→ **Exercise**
Exactly as written, transcribe the lines that run from the one containing "Days Inn by Wyndham Midland" to the end of the records below.

→ **Supplied material**

------------

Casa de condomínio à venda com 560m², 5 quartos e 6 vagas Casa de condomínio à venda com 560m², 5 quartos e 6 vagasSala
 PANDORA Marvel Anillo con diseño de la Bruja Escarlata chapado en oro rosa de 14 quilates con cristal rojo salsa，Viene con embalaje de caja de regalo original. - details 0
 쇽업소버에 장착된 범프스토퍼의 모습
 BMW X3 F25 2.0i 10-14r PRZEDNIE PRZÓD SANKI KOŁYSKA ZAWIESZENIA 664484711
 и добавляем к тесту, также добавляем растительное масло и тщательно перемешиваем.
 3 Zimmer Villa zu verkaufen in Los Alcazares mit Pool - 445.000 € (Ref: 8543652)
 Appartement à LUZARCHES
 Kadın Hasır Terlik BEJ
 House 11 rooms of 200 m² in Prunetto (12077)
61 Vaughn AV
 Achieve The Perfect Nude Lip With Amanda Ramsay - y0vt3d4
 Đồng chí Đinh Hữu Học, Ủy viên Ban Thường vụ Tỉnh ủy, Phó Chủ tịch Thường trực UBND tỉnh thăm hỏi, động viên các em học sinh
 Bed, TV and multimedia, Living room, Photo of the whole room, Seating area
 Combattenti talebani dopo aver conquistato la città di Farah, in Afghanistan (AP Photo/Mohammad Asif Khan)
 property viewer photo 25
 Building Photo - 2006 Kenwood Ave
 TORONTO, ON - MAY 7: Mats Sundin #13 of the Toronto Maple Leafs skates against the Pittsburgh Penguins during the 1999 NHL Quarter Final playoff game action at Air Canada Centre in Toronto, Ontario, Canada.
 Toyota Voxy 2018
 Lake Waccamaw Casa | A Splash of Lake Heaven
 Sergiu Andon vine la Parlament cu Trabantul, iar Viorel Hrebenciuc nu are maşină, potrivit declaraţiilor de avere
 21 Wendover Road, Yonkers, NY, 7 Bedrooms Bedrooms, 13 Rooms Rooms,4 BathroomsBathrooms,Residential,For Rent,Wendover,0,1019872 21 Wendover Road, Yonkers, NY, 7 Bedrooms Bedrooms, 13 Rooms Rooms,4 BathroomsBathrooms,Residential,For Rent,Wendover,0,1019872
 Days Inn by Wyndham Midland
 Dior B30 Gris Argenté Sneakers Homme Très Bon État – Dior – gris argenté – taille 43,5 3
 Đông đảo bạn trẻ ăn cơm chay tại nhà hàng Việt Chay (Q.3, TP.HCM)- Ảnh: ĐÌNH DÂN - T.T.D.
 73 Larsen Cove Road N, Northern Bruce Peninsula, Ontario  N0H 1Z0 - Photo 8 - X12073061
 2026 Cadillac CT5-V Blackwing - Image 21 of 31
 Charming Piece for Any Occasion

------------

→ **Exercise result**
 Days Inn by Wyndham Midland
 Dior B30 Gris Argenté Sneakers Homme Très Bon État – Dior – gris argenté – taille 43,5 3
 Đông đảo bạn trẻ ăn cơm chay tại nhà hàng Việt Chay (Q.3, TP.HCM)- Ảnh: ĐÌNH DÂN - T.T.D.
 73 Larsen Cove Road N, Northern Bruce Peninsula, Ontario  N0H 1Z0 - Photo 8 - X12073061
 2026 Cadillac CT5-V Blackwing - Image 21 of 31
 Charming Piece for Any Occasion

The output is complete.